大概過了不到二十分鐘,陳助還沒見回來,倒是護工先回來了,葉霜見也沒什么事兒了,想起陳助說得護工信得過的話后,簡單和護工交接了兩句,又坐了會兒后,便離開了老爺子病房,下樓去看護念安去了。
在沒人注意到的角落,葉霜前腳剛離開病房,一道穿著護士服的身影便出現在走廊上。
女人手中拿著一臺微型遙控器,在路過走廊攝像頭時,隨手一按,攝像頭上閃爍的紅點便暗了下去。
她理了理臉上的口罩,左右環視了一圈。
確定沒人注意到她,快步走進了陸老爺子的病房。
女人和護工對視一眼,護工低頭頷首,沉默不語,假裝什么都沒有看到。
而女人則是走到病床前。
看著陸老爺子帶著氧氣罩,閉眼躺在病床上,她抬手挑下口罩細帶。
露出蘇挽擰那張因興奮而扭曲的臉,眼底的得意幾乎要溢出來。
沒想到,昔日那個在知道她和陸知箋談戀愛后,指著她鼻子說她知心妄想,堅決不同意兩人在一起,甚至用錢和前途利誘她出國的老人,竟然變成了這樣。

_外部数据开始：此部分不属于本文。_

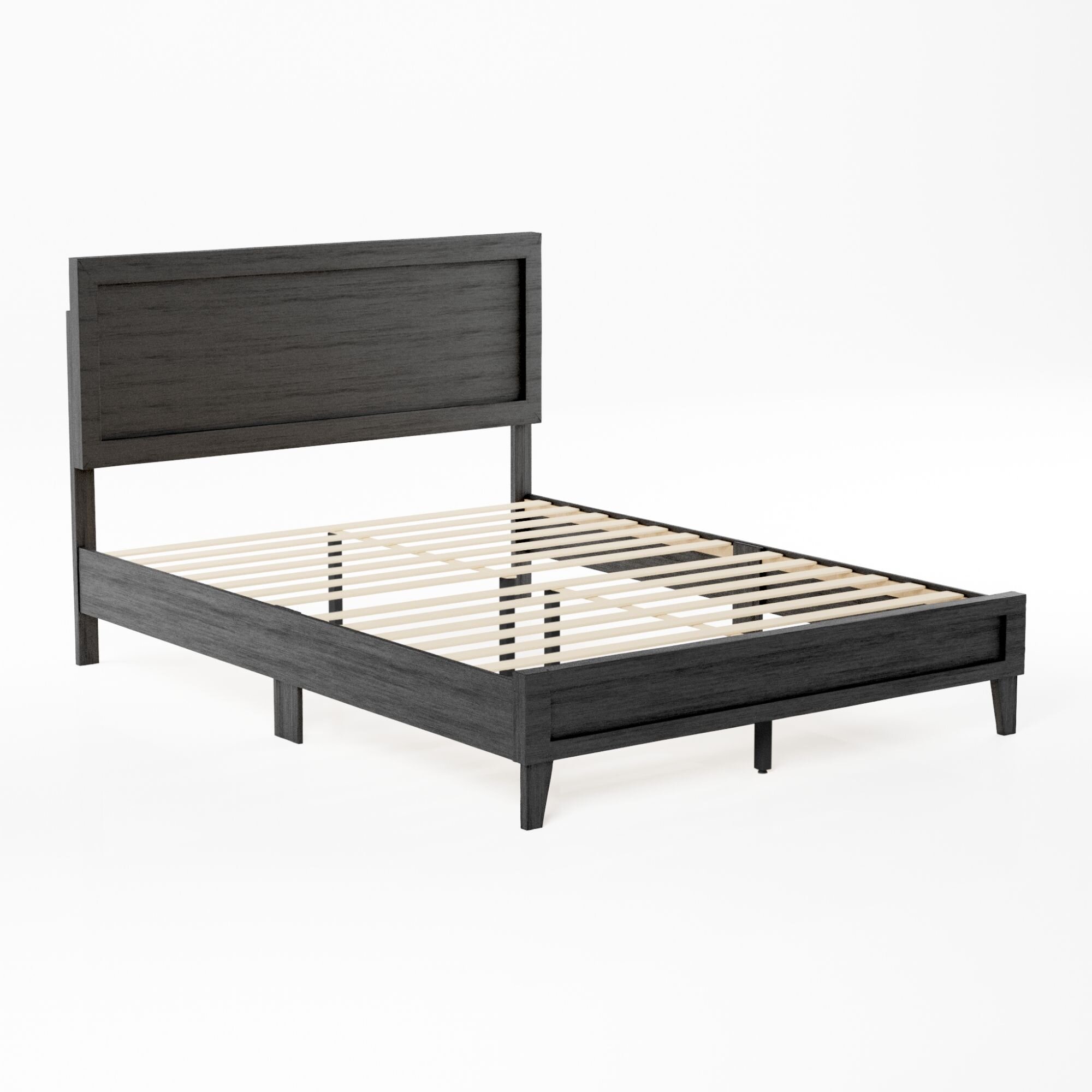 Black King Size Beds Frames You Ll Love In 2021 Wayfair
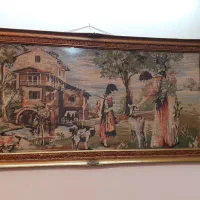 تابلو کوبلن لوکس|تابلو فرش|چمستان, |دیوار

蘇挽擰低笑了聲,“老爺子,你看不上我又怎么樣,現在還不是被你心心念念的好孫媳氣成了這副模樣。”
她摸出衣兜里藏著的剪刀,走到病床旁,舉起剪刀,伸出。
誰料,剛碰到輸氧管,床上的人突然動了動,渾濁的眼睛掀開一條縫,“小霜……”
蘇挽擰嚇了一跳,下意識后退半步,但見陸老爺子眼神渙散,顯然還沒徹底清醒,她又慢慢穩住心神,嘴角勾起弧度。
“陸爺爺,您看清楚了。”
她俯身湊到陸老爺子耳邊,笑容殘忍,“我可不是葉霜那個賤人,我是蘇挽擰,我回來看你了。”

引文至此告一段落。